[Extracted records]
● ● ● ●

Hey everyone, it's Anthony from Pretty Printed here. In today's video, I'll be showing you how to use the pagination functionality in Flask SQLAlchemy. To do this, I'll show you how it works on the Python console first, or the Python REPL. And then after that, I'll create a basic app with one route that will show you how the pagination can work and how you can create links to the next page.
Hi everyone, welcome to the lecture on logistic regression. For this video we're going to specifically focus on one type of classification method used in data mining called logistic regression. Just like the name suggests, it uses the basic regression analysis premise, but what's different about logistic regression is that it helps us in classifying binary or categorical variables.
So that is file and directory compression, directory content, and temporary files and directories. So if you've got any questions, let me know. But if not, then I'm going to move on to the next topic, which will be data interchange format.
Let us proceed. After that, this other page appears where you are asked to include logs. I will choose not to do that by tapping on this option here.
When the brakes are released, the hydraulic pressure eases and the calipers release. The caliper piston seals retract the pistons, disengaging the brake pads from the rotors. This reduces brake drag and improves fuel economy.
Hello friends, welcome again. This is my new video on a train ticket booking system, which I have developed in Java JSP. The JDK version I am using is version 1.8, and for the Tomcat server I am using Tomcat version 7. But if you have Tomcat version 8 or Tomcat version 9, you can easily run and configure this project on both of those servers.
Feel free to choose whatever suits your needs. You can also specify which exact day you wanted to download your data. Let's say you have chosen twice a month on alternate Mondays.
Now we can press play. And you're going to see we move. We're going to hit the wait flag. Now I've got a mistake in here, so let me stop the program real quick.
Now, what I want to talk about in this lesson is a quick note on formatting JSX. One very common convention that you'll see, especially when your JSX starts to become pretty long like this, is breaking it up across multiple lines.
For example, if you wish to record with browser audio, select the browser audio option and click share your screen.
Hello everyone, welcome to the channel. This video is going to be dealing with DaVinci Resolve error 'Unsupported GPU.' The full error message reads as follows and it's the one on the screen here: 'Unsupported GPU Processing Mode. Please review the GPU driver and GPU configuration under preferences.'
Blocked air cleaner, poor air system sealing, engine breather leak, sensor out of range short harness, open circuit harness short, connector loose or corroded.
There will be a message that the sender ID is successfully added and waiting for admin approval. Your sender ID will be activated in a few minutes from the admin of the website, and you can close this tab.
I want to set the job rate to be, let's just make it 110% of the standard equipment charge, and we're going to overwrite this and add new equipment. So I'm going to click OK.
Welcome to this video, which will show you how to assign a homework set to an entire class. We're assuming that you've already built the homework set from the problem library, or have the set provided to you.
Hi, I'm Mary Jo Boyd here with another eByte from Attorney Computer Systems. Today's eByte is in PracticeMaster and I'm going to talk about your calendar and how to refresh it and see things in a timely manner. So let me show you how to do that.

● ● ● ●

_Activity_
Of the lines above, retype only those from the line containing "Hello everyone, welcome" through the line containing "Welcome to this", including both, exactly.

_Exercise solution_
Hello everyone, welcome to the channel. This video is going to be dealing with DaVinci Resolve error 'Unsupported GPU.' The full error message reads as follows and it's the one on the screen here: 'Unsupported GPU Processing Mode. Please review the GPU driver and GPU configuration under preferences.'
Blocked air cleaner, poor air system sealing, engine breather leak, sensor out of range short harness, open circuit harness short, connector loose or corroded.
There will be a message that the sender ID is successfully added and waiting for admin approval. Your sender ID will be activated in a few minutes from the admin of the website, and you can close this tab.
I want to set the job rate to be, let's just make it 110% of the standard equipment charge, and we're going to overwrite this and add new equipment. So I'm going to click OK.
Welcome to this video, which will show you how to assign a homework set to an entire class. We're assuming that you've already built the homework set from the problem library, or have the set provided to you.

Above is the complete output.